In a Reuters story today about a Syrian government helicopter apparently downed by Syrian rebel forces, there were several photos of a rebel with a scoped rifle that the news agency determined was “a sniper.” I can only assume they mean that in the loosest possible meaning of the term. I would refer to him as the “soon to be deceased” and “the guy about to get their position rocketed.”
In the first photo, you can see a hole in the exterior wall near the doorway that is roughly 8″ in diameter. Light is shining through the hole and illuminating the face of a Syrian fighter armed with a rifle that looks like Iraqi Tabuk, which itself is an accurized semi-auto RPK. The weapon is more akin to a designated marksman’s rifle than a true sniper rifle, having much reduced range. In average hands, it’s at best a 400-yard gun due to the limitations of the cartridge and platform.
It is a rugged design if not a precision weapon, and well-suited for poorly trained and equipped rebels taking pot shots at government forces. The problem isn’t the weapon, but the tactics used by the shooter.
Using purpose-made loopholes or existing shell holes from battle damage is a sniper’s trick as old as sniping itself. The holes themselves seem ordinary in a bombed out urban environment, and can give snipers both cover and concealment.
Of course, that is predicated on using the hole properly.

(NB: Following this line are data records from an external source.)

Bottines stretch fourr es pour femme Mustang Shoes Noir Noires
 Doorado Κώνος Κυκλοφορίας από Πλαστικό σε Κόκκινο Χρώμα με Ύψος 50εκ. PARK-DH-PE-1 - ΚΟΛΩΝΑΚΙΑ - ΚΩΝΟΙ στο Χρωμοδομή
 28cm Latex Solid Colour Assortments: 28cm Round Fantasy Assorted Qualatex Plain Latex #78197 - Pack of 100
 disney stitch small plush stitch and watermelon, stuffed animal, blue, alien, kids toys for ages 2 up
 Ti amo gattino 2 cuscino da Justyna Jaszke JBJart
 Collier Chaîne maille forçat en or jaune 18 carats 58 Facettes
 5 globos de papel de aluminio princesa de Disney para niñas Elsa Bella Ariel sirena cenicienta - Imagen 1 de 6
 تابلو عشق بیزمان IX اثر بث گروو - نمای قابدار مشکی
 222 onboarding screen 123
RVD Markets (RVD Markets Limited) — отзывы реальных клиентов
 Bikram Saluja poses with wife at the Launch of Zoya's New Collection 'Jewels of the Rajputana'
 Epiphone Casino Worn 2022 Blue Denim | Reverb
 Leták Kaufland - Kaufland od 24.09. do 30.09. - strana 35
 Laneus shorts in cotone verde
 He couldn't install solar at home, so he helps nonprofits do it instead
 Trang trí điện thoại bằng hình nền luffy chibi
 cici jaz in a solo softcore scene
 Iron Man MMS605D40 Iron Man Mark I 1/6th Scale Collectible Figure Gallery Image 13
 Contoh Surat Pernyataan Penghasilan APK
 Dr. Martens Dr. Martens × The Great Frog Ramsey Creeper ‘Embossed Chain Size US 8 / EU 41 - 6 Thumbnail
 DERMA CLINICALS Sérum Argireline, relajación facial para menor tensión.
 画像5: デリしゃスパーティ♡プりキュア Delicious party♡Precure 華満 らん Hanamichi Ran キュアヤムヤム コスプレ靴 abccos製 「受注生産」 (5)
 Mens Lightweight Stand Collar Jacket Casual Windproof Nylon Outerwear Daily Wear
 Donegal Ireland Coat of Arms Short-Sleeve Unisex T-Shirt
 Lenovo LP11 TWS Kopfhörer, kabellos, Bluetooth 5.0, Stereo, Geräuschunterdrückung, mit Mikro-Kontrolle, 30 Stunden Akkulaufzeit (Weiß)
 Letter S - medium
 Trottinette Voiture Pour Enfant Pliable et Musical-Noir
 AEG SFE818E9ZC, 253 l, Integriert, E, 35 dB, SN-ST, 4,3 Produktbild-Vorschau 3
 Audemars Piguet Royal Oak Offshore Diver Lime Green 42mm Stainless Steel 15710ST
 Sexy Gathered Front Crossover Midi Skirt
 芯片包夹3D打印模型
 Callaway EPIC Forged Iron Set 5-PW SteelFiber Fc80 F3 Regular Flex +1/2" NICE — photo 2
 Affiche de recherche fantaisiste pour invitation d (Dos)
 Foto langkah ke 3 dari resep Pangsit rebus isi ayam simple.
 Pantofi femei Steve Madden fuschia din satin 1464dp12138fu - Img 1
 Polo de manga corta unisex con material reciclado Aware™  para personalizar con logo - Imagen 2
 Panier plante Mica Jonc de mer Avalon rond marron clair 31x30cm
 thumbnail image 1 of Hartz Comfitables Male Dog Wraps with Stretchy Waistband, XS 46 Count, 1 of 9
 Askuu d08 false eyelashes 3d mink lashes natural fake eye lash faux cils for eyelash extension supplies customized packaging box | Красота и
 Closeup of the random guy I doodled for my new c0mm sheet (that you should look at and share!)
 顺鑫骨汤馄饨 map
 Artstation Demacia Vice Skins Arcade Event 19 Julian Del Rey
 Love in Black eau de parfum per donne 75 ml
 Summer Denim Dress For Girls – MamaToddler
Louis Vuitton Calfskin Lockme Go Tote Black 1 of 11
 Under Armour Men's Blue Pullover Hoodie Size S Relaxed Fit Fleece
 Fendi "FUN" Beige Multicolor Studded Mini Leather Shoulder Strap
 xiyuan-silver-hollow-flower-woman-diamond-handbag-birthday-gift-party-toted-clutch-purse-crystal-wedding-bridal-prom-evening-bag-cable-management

The second photo shows the “sniper” has his gun barrel projecting through the hole, the equivalent of shouting, “shoot me, I’m right here!”
If the projecting barrel itself isn’t obvious enough to professional soldiers he may be facing, the muzzle blast that will occur when he does fire will send a plume of dust flying from the hole and the exterior wall, even more emphatically pinpointing his presence in case the projecting muzzle failed to draw enough attention.
A professional opposing force sniper has to drool over such an easy targeting opportunity. He needs to merely aim down the barrel of this man to not just kill him, but possibly the dim-witted soul sitting directly behind him. If the OPFOR has heavier weapons to bring to bear—anything from a simple RPG to a tank gun to artillery—he can conceivably bag everyone in the room with a single well-aimed shot.
Professionally trained snipers and designated marksmen would never be so close to a loophole, even if it offered a good view. They’d set up on the opposite side of the room, find something stable to brace their weapon upon, and make sure their muzzle blast could not be seen. They would not expose themselves to daylight, would not expose their weapon to the enemy, and certainly wouldn’t betray their position with a cloud of dust.
They Syrian rebels may indeed topple the regime of Bashir Assad in the weeks to come, but ill-trained men such as these are a good example of why their casualties continue to mount.